In short it's a way to design a system, for example: depending upon the overall requirements we need to develop a distributed system, with some internal communication. The biggest advantage of MOM architecture/decision is decoupling of the components i.e. if we're going to change the data query component it'll have no effect on the data processing components, as they're communicating via MOM (e.g. Rabbitmq Cluster) - the data processing component is getting the data in form messages, which then parses and processes them.
MOM at the end is just a design decision, that we use a middleware for gluing our system (distributed) components, a middleware for handling communication between them, in the form of messages (i.e. JSON). To implement a message-oriented-middleware we need more - set of specific rules i.e. how the messages will be published, consumed, how the acknowledgement will work, the lifetime of a message is until it is consumed, the persistence of a message, etc. AMQP is basically these set of rules i.e. a standard/protocol for implementing a MOM i.e. a messaging system using AMQP, means it confines itself by the stated rules. From Wikipedia:
AMQP mandates the behavior of the messaging provider and client to the
extent that implementations from different vendors are inter-operable,
in the same way as SMTP, HTTP, FTP, etc. have created inter-operable
systems.
I also have read that RabbitMQ implements the AMPQ protocol.. so why does that make a RabbitMQ a message broker?
Yes, Rabbitmq is a message broker (publisher -> exchange -> queue -> consumer). It's an open source AMQP implementation i.e. a messaging system/broker which confines to AMQP (the AMQP rules) - one can use Rabbitmq as the middleware, hence MOM.
AMQP - is just a set of rules i.e .how messages will be published, kept (in queues), consumed, delivery acknowledgement, etc.
Are a message broker and MOM the same thing?
In simple words, Yes. If we need to go with MOM design for our distributed system, we can simply use Rabbitmq (a message broker; an AMQP implementation) as the middleware.

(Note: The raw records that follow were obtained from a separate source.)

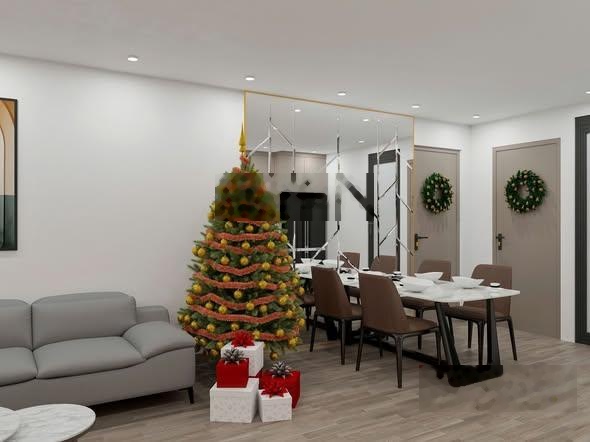 chính chủ bán căn hộ Chung cư CT1 văn khê.DT 103m2 Full nội thất cao cấp.view đẹp 6,2 tỷ
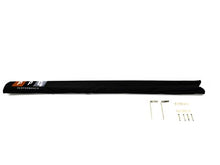 Load image into Gallery viewer, PPD WATERPROOF SIDE AWNING - INCL MOUNTING KIT TO SUIT ALL 4X4 - HEAVY DUTY 420D FABRIC
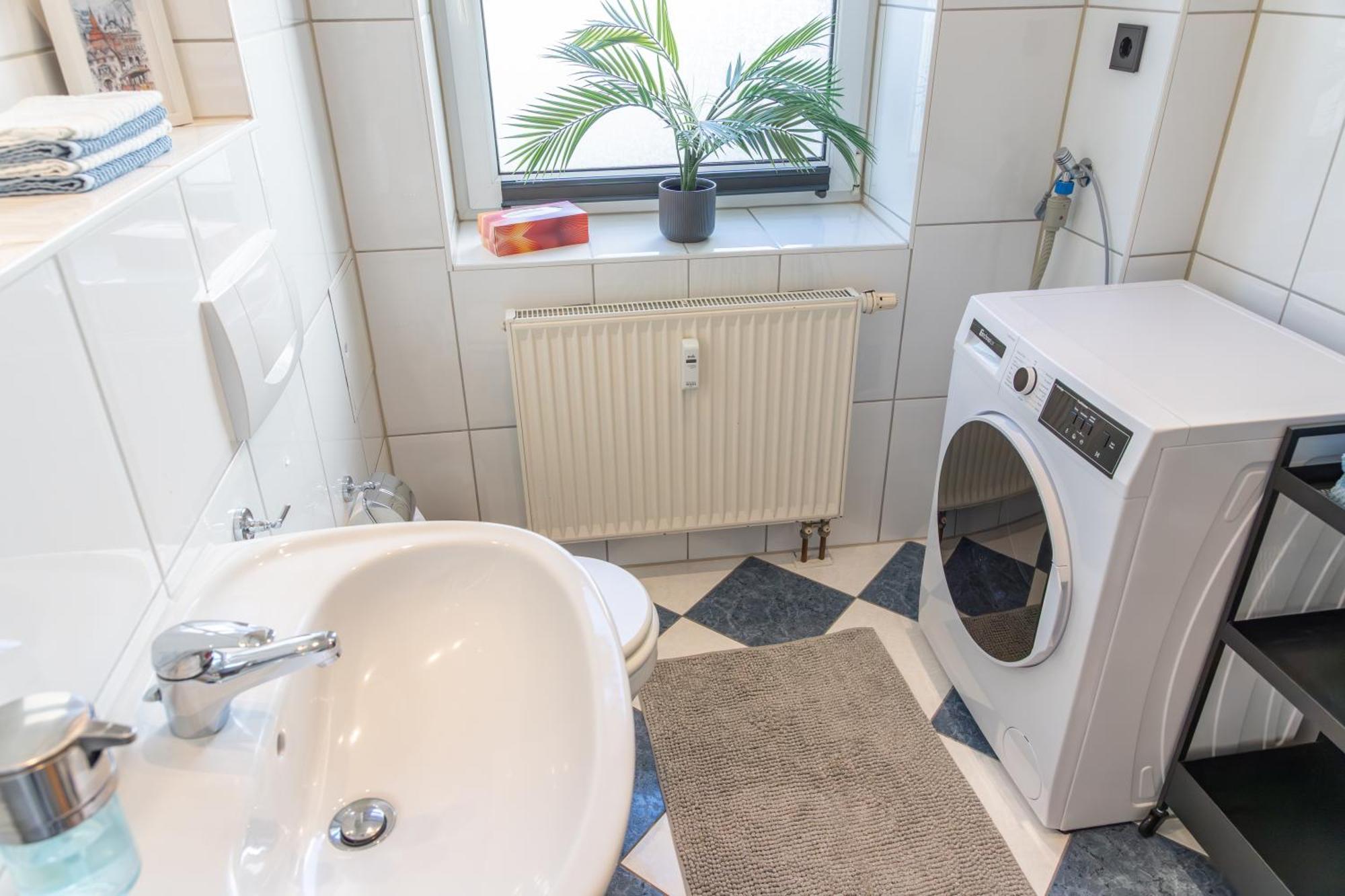 Cityflair Rostock
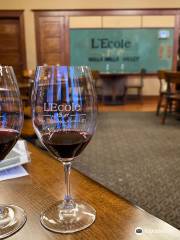 L'Ecole No 41 Winery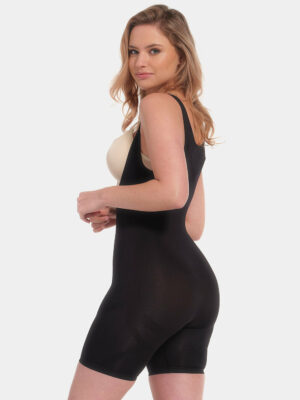 Seamless Bodysuit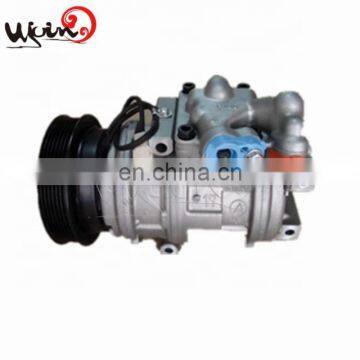 Cheap used air compressor for HONDA 38810-P8A-A01 4SEASONS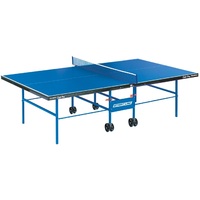 Стол теннисный для помещений Start Line Club Pro 274x152.5x76 см с  сеткой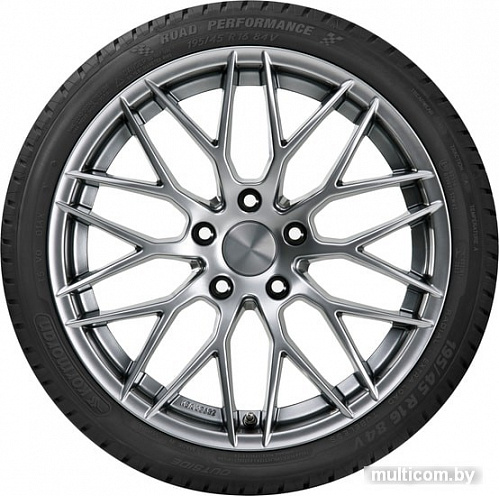 Автомобильные шины Kormoran Road Performance 215/55R16 97H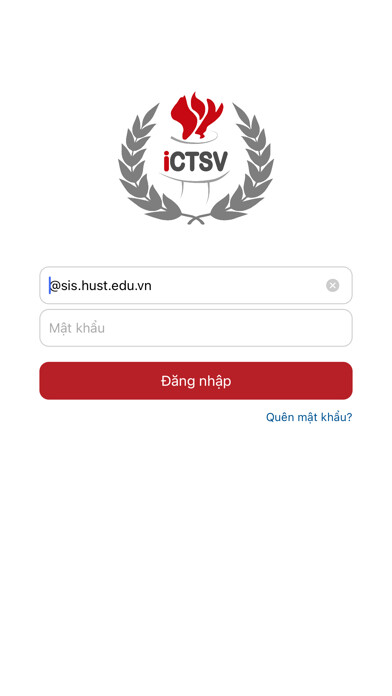 Run android online APK iCTSV from MyAndroid or emulate iCTSV using MyAndroid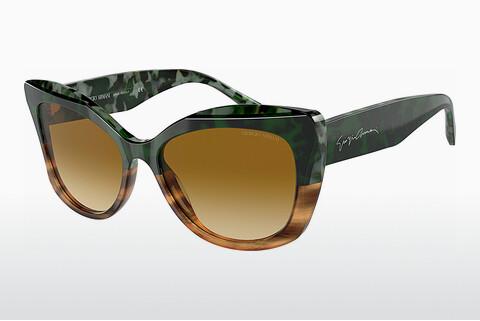 Sunglasses Giorgio Armani AR8161 59302L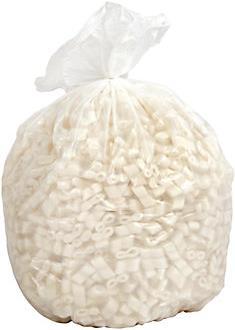 Produktbild kaiserkraft PE-HD-Abfallsäcke (40 x, 65 l)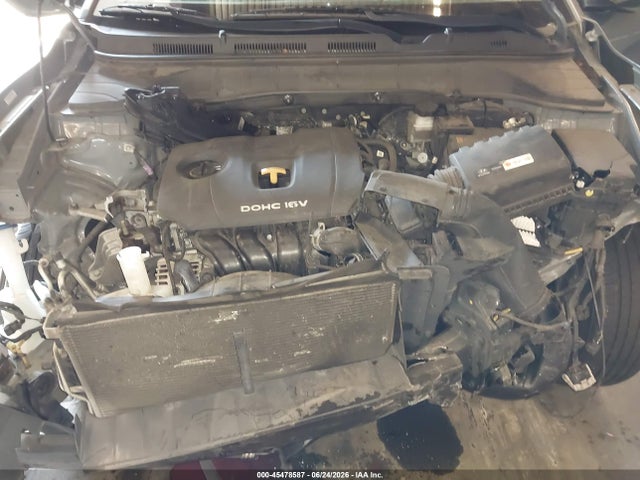 KM8K1CAA6MU664716 Hyundai Kona Se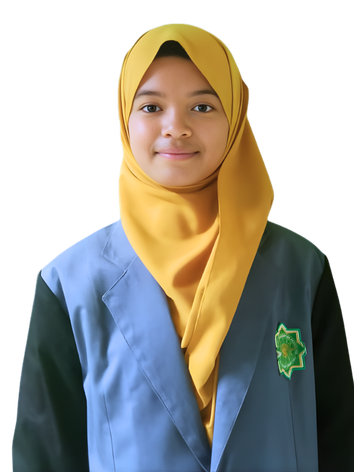 FATHINA AZNII RAMADHANI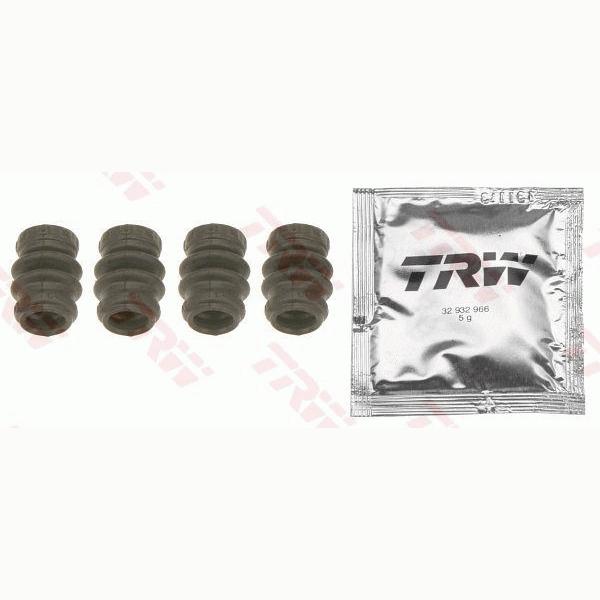 MEAT & DORIA MD90558 Wheel Speed Sensor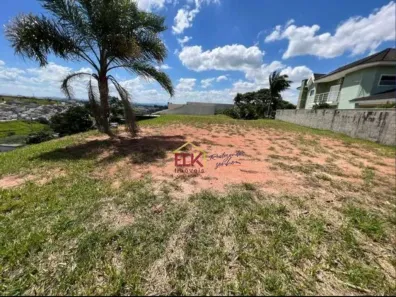 Lote/Terreno à venda, 1865m² no Condomínio Residencial Mirante do Vale, Jacareí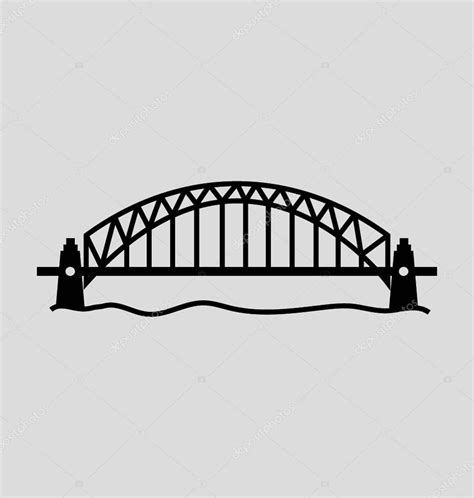 Sydney Harbour Bridge Artwork - Frikilo Quesea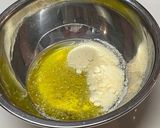 いかのカルパッチョ風サラダ作り方1写真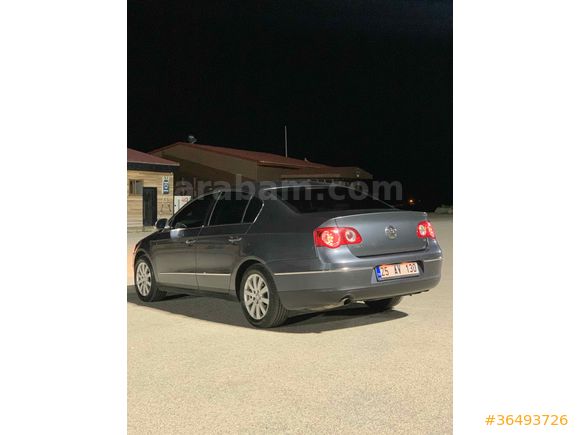 Sahibinden Passat Otomatik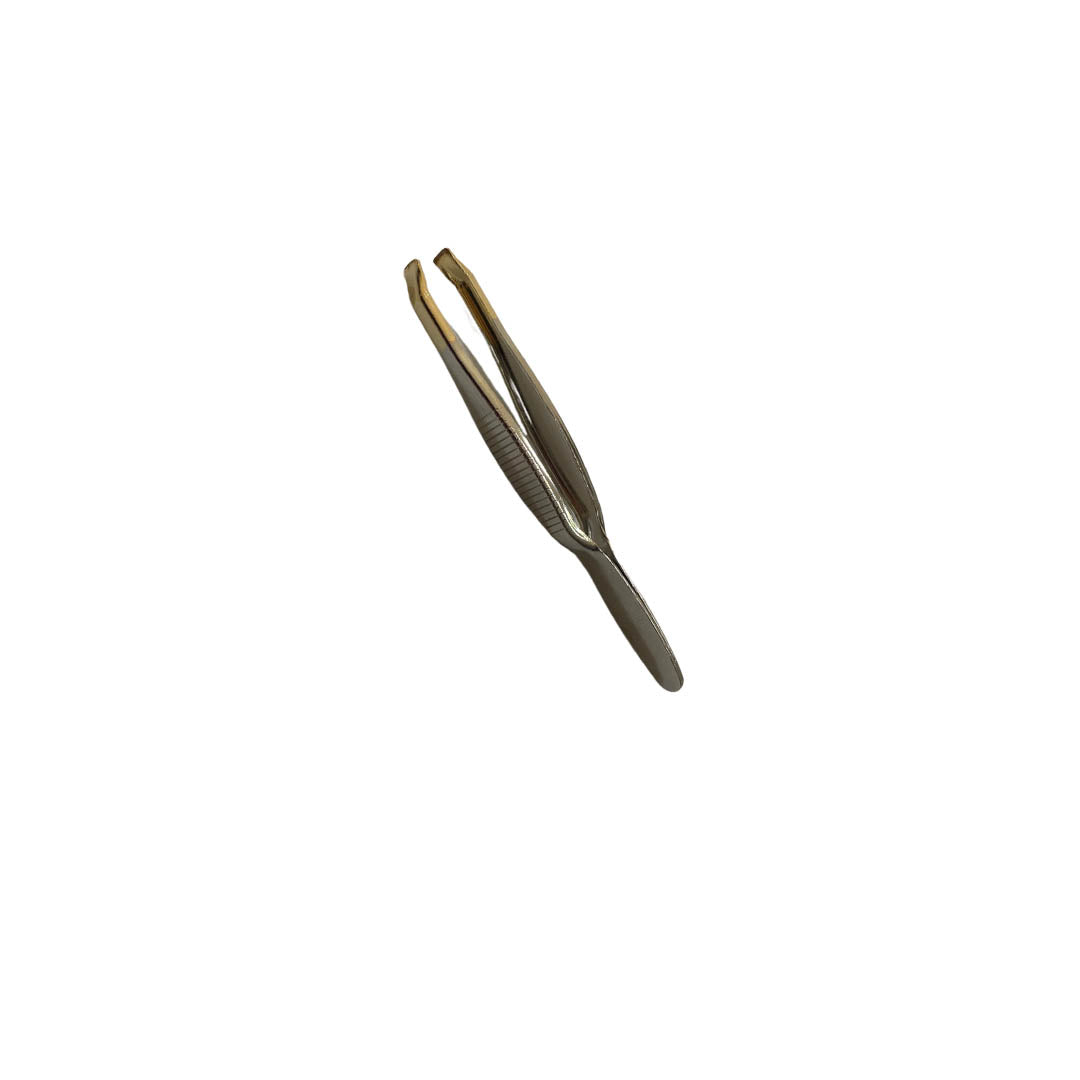 Stainless Steel Tweezers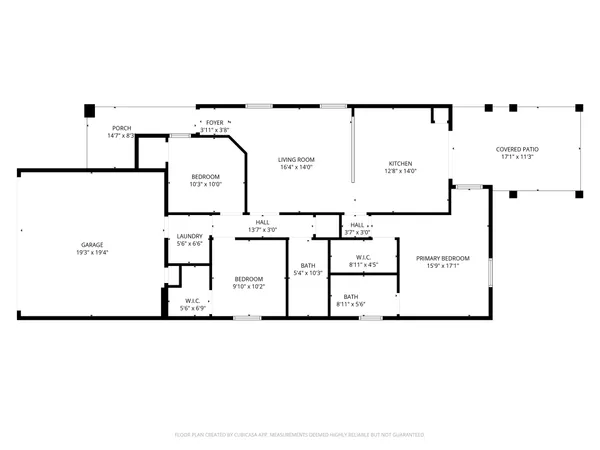 $291,382 | 11400 Ashbrook Drive, Manchaca, TX 78652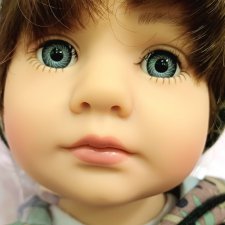 Мальчишка Пол от Gotz выпуск 2022 года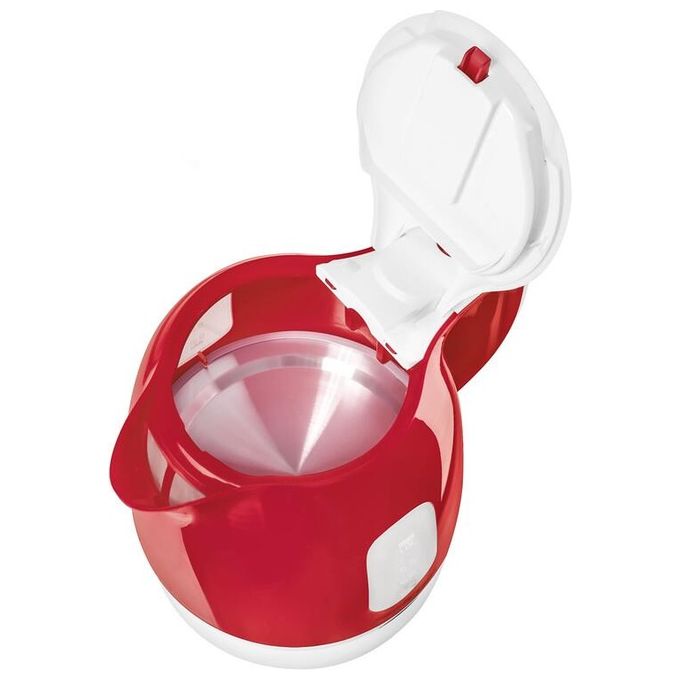 Sencor SWK 1014RD Bollitore 1 Litro Rosso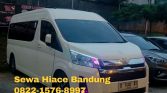 Rental Mobil Lembang Bandung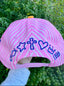 Make Heaven Crowded Hat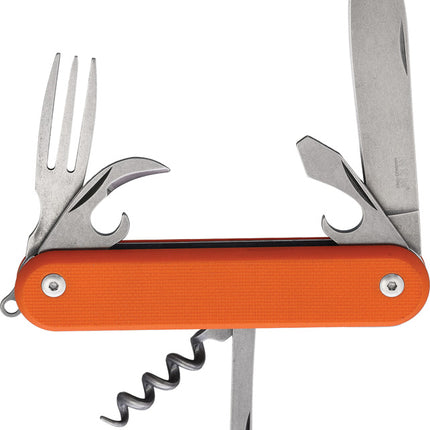 Malga 6 Multipurpose Knife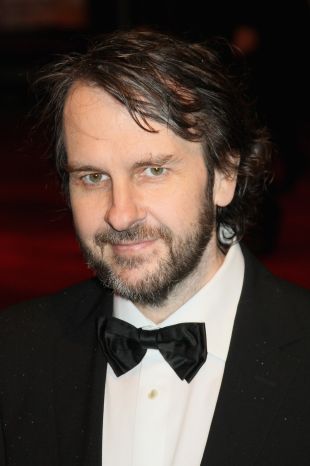 Peter Jackson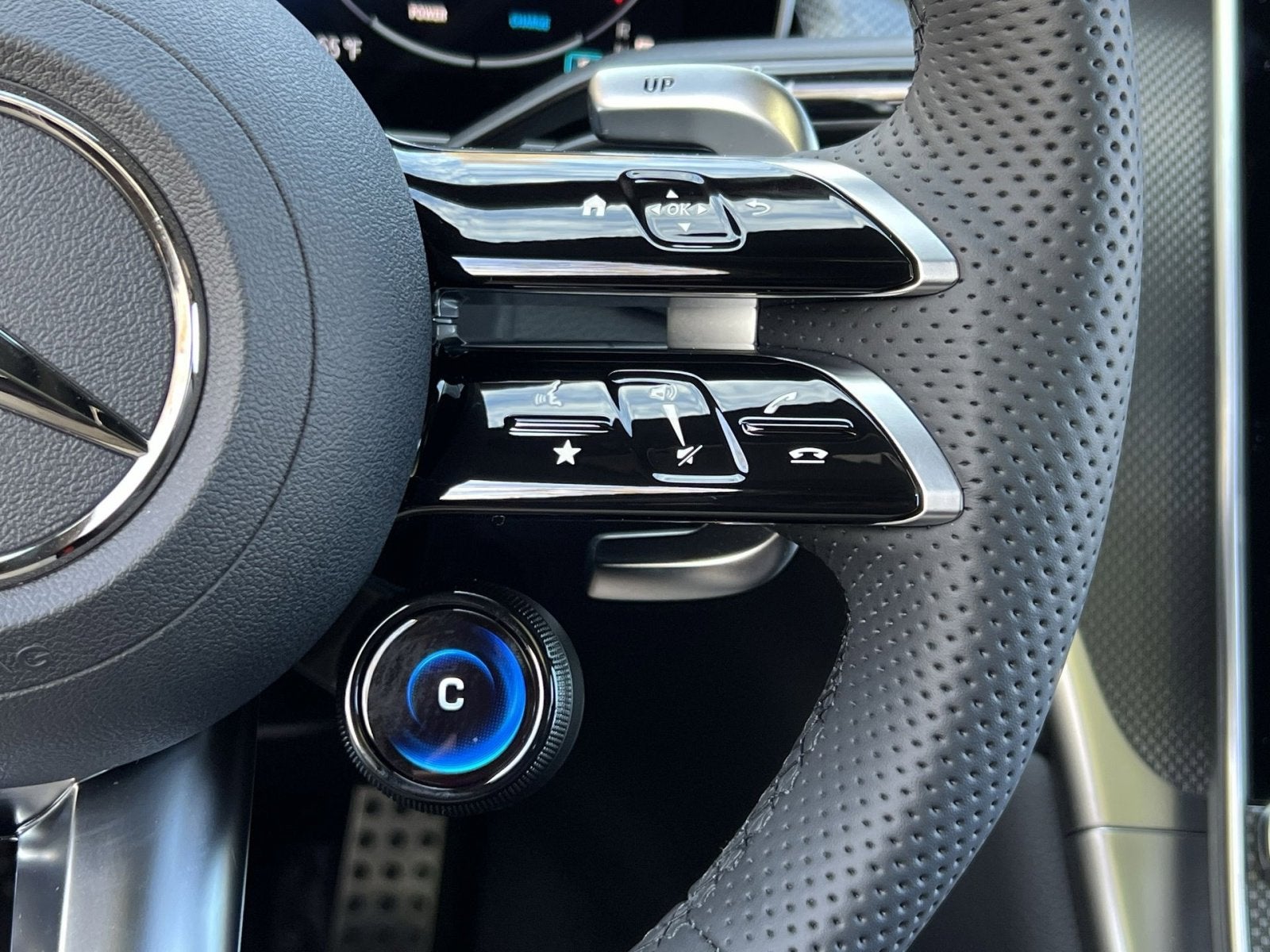 2026 Mercedes-Benz GLC GLC 43 AMG®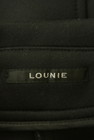 LOUNIE（ルーニィ）の古着「商品番号：PR10334991」-6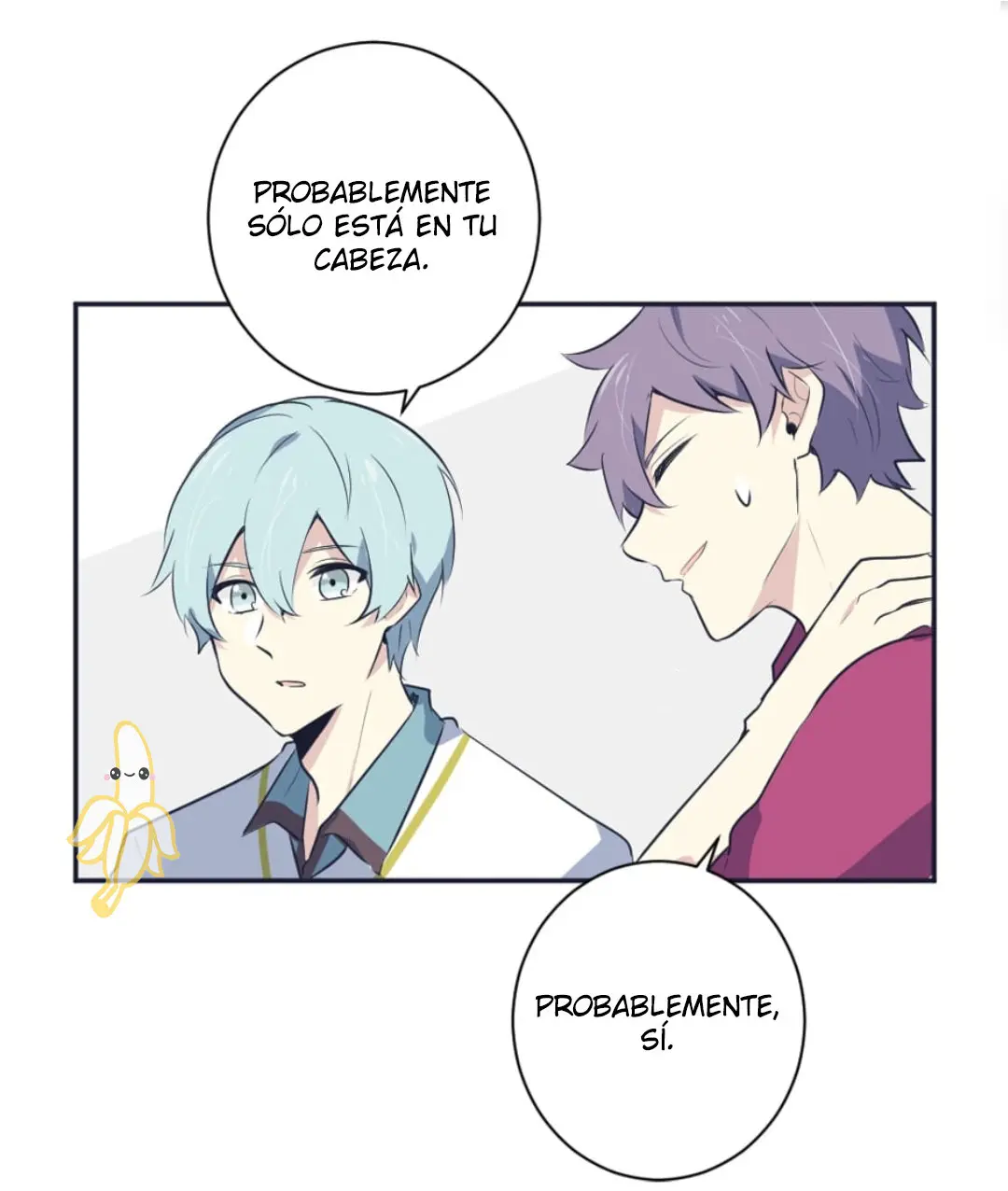 El Zorro en mi Cama - Capítulo 18 - Página 17 - LectorTMOo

"MOM" broadly means any technology that can deliver "messages" from one user-space application to another. A message is usually understood to be a discrete piece of information, as compared to a stream.
MOM products used to be quite large and complex: CORBA, JMS, TIBCO, WebsphereMQ, etc. and tried to do a lot more than simply deliver messages.
A broker is a particular set of routing and queuing patterns, and we usually use the term "broker" specifically in MOM (as compared to HTTP, email, XMPP, etc.) Routing means, one message goes to one peer, to one of many peers, to all of many peers, etc. Queuing means messages are held in memory or disk until they can be delivered (and in some cases, acknowledged).
AMQP used to specific those broker patters, so an application could rely on consistent behavior from any AMQP-compatible broker (thus RabbitMQ and OpenAMQ looked much the same to a client app, like two HTTP or two XMPP servers would look the same). AMQP/1.0 specifies just the connection between nodes, so you don't have guarantees of behavior. This makes AMQP/1.0 much easier for firms to implement, but doesn't deliver interoperability.
ZeroMQ is message-oriented middleware that defines, like AMQP/1.0, the connections between pieces rather than the behaviour of a central broker. However it's relatively easy to write MOM brokers using 0MQ, and we've done a few of these (like Majordomo).
Message brokers are one (quite popular) kind of MOM. Another kind of MOM would be brokerless MOM, like ZeroMQ. With broker based MOM, all messages go to one central place: broker, and get distributed from there. Broker less MOM usually allows for peer to peer messaging (but does not exclude option of central server as well) .
AMQP is broker based MOM protocol definition (at least all versions prior to 1.0, which drifts into more general MOM), and there are several different Message brokers implementing that protocol, RabbitMQ is just one of them.